-------- Data to use --------

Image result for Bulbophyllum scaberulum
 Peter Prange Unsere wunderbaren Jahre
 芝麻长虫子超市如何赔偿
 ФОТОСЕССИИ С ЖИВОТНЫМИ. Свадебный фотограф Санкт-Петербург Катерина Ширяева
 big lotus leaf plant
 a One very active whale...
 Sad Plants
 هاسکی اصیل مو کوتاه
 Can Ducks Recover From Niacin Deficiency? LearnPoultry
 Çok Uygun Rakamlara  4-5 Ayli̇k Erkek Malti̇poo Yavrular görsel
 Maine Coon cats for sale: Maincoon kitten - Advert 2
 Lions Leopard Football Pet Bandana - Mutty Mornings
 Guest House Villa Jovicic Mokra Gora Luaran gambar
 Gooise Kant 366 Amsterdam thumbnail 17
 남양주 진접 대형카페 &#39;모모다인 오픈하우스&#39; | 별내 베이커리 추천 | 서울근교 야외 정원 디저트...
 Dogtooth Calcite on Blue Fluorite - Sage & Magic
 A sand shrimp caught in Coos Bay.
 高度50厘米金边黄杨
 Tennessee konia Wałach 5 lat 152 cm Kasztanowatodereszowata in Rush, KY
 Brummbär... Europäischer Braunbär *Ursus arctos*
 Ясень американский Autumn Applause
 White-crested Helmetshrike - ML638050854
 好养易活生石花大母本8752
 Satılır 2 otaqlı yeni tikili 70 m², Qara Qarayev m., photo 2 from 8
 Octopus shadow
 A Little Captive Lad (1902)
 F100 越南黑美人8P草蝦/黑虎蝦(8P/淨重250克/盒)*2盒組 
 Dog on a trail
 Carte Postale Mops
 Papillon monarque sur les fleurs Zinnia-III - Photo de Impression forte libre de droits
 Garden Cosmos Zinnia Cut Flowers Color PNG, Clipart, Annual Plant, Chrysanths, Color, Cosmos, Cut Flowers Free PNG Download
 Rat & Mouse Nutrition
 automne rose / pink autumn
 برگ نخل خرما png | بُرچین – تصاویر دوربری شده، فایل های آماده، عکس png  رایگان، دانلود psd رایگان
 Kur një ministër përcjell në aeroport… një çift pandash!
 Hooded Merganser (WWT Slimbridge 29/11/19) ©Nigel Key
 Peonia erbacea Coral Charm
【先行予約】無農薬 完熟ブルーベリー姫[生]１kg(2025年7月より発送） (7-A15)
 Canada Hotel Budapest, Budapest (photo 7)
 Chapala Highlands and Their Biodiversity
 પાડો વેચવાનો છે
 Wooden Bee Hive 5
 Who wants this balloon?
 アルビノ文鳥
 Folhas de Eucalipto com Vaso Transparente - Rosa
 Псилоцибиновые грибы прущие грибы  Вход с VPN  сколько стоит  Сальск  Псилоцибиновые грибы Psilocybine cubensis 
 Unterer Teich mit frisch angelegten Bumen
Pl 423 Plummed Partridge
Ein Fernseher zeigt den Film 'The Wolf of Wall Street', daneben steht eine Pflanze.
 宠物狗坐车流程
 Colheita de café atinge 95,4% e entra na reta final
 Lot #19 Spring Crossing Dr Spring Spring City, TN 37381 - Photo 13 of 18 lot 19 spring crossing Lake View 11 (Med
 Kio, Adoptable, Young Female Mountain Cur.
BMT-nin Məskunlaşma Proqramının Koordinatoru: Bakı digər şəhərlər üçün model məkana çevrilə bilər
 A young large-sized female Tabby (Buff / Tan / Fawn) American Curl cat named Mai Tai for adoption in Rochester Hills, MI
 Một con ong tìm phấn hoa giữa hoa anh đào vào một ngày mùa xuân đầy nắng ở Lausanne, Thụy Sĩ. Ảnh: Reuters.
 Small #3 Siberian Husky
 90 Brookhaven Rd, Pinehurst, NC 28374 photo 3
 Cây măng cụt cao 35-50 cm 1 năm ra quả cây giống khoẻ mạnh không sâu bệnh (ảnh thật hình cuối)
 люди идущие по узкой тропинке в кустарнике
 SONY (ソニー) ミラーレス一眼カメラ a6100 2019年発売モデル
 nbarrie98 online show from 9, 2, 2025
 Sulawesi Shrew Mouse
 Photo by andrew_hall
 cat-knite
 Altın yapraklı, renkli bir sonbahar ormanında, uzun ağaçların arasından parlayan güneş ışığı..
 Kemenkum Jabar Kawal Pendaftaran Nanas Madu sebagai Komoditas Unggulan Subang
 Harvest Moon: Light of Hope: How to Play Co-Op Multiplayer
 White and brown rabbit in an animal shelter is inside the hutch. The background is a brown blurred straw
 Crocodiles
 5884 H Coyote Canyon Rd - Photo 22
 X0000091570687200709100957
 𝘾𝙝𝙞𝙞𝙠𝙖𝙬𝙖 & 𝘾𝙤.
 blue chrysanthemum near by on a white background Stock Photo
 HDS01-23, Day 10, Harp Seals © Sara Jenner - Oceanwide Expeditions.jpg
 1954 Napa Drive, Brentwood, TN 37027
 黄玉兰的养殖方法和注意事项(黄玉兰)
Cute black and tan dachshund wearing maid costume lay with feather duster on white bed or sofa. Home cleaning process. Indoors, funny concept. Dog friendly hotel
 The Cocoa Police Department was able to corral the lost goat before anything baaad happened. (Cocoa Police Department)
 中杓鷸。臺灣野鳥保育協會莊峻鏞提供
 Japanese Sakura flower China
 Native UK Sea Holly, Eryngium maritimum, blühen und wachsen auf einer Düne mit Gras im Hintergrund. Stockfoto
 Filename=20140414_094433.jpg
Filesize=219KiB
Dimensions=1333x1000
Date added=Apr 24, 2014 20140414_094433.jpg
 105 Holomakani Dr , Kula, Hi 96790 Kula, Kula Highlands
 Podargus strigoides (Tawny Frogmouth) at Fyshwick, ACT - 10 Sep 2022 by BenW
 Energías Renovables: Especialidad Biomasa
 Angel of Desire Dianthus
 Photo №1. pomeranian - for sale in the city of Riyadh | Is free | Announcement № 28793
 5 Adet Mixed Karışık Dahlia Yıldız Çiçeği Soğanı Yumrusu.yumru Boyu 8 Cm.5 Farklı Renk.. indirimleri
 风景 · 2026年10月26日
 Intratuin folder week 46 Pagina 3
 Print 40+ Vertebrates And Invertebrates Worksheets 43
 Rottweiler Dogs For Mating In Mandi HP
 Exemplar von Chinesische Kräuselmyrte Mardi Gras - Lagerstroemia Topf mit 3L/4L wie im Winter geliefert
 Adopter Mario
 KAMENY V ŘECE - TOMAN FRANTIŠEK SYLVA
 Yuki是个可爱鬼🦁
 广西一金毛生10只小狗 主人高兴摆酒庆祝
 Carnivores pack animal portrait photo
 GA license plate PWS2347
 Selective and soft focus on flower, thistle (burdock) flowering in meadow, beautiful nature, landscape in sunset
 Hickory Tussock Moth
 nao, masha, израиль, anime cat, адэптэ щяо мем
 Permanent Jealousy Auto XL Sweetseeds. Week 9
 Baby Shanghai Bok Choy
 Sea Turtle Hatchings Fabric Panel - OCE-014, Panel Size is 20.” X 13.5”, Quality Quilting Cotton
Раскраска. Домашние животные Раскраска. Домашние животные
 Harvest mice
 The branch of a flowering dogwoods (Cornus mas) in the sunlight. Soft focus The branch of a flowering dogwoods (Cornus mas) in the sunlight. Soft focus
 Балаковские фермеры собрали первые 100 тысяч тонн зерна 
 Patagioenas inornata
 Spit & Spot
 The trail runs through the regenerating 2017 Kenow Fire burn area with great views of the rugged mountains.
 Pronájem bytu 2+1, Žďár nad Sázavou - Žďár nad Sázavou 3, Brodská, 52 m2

--------

# Task directions
Starting with the line above that holds "a One very active whale..." and stopping with the line that holds "Carte Postale Mops", reproduce each line exactly, omitting all other lines.

# Problem solution
 a One very active whale...
 Sad Plants
 هاسکی اصیل مو کوتاه
 Can Ducks Recover From Niacin Deficiency? LearnPoultry
 Çok Uygun Rakamlara  4-5 Ayli̇k Erkek Malti̇poo Yavrular görsel
 Maine Coon cats for sale: Maincoon kitten - Advert 2
 Lions Leopard Football Pet Bandana - Mutty Mornings
 Guest House Villa Jovicic Mokra Gora Luaran gambar
 Gooise Kant 366 Amsterdam thumbnail 17
 남양주 진접 대형카페 &#39;모모다인 오픈하우스&#39; | 별내 베이커리 추천 | 서울근교 야외 정원 디저트...
 Dogtooth Calcite on Blue Fluorite - Sage & Magic
 A sand shrimp caught in Coos Bay.
 高度50厘米金边黄杨
 Tennessee konia Wałach 5 lat 152 cm Kasztanowatodereszowata in Rush, KY
 Brummbär... Europäischer Braunbär *Ursus arctos*
 Ясень американский Autumn Applause
 White-crested Helmetshrike - ML638050854
 好养易活生石花大母本8752
 Satılır 2 otaqlı yeni tikili 70 m², Qara Qarayev m., photo 2 from 8
 Octopus shadow
 A Little Captive Lad (1902)
 F100 越南黑美人8P草蝦/黑虎蝦(8P/淨重250克/盒)*2盒組 
 Dog on a trail
 Carte Postale Mops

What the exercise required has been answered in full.